[Items from a dataset]

= = =

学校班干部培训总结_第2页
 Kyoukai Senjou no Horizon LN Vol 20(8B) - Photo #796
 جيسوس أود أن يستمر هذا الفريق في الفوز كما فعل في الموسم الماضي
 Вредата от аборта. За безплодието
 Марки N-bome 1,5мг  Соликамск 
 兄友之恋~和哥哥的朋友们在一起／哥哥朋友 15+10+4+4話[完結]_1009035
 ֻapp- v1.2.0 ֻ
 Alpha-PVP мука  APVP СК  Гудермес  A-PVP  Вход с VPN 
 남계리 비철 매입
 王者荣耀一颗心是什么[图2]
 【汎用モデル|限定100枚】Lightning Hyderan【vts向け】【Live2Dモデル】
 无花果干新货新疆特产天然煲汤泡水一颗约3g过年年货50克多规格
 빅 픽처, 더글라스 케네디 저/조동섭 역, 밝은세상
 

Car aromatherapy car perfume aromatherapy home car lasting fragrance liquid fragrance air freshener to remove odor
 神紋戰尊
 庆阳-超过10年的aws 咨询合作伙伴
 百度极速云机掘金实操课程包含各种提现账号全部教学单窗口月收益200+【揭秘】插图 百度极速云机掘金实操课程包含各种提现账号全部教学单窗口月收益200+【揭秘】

= = =

EXERCISE —
The lines from the one holding "빅 픽처, 더글라스 케네디 저/조동섭 역, 밝은세상" to the final line of the entries, both included, are what should be output, exactly and alone.

RESPONSE —
 빅 픽처, 더글라스 케네디 저/조동섭 역, 밝은세상
 

Car aromatherapy car perfume aromatherapy home car lasting fragrance liquid fragrance air freshener to remove odor
 神紋戰尊
 庆阳-超过10年的aws 咨询合作伙伴
 百度极速云机掘金实操课程包含各种提现账号全部教学单窗口月收益200+【揭秘】插图 百度极速云机掘金实操课程包含各种提现账号全部教学单窗口月收益200+【揭秘】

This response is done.